Away from sessions, on neighborhood walks, I look at the houses I pass by. I study their doors and think about what they signify about the relationship between the self and the world. Memories from fieldwork pour in. I spent months watching life unfold at the thresholds of people's homes in the town where I worked. Folks opened their doors at dawn, bleary-eyed, squinting at the morning sun, surveying who was up and about. They lingered on their thresholds, drinking tea, opening newspapers, collecting bits of gossip from those passing by. The doors remained open until late in the night, as neighbors gathered on doorsteps, debating politics, singing lullabies, and rocking their babies to sleep.
On stoops and porches, the town’s social life played out its everyday dramas. I came to see that doors were not mere points of entry and exit. Flung wide open or partially shut, they provided clues—nuances read by knowing neighbors. Closed doors spoke volumes. Some raised concerns that drew those nearby to inquire about the occupants’ health. Others raised eyebrows about their choices to live life shuttered in. Recalling these interactions at the doorsteps, I mulled over the question: “What does it mean to be locked out of ourselves?”
The Bolted Door
Doors are portals between inner and outer spaces. They enable, at once, a separation from the world and a connection to it. As the sociologist Georg Simmel wrote, they reveal “how separating and connecting are only two sides of precisely the same act.” Doors provide access to a sense of enclosure when we need to withdraw from the world, and, at the same time, they hold open the possibility of reengaging with it. Describing the fluidity of this movement, Simmel reflected that it is absolutely essential for us to set ourselves a boundary, but with freedom, in such a way that we can also remove this boundary and place ourselves outside it.

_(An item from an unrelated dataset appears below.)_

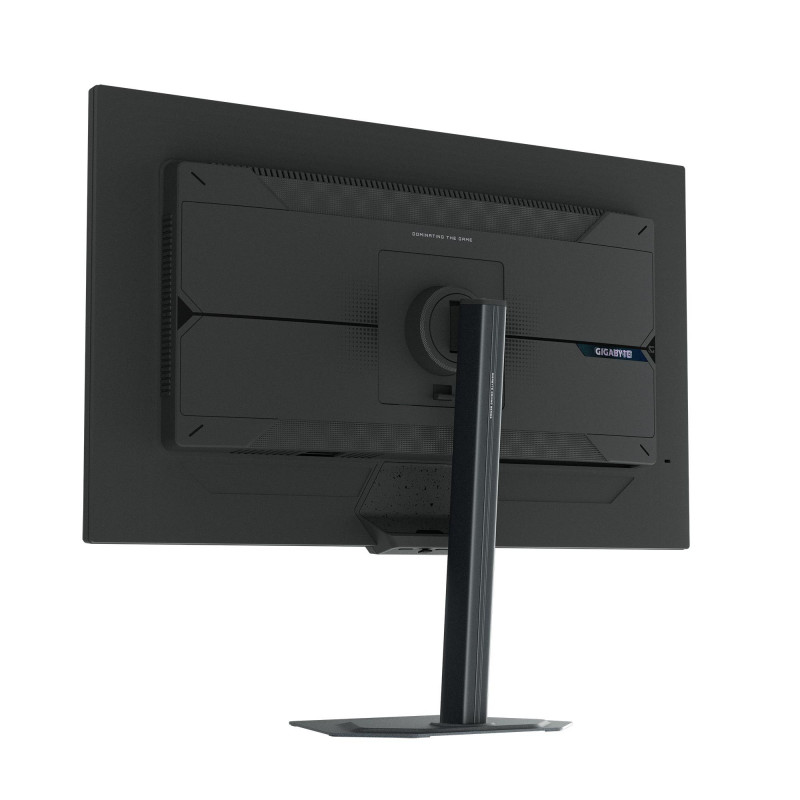GIGABYTE G27UPEK monitor LED 27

What happens when a door gets locked and this fluidity of movement is blocked? What do we do when it’s not the world outside that gets shuttered out but the world within? What brings us to a place where that which is inaccessible to us is the deepest parts of ourselves?
To me, this speaks to the heart of alienation, of estrangement from oneself. I encounter this in coaching when people say that what brings them purpose feels hazy and hard to reach. I sense that it is not because they don’t know. It means that access to a vital part of the self is blocked.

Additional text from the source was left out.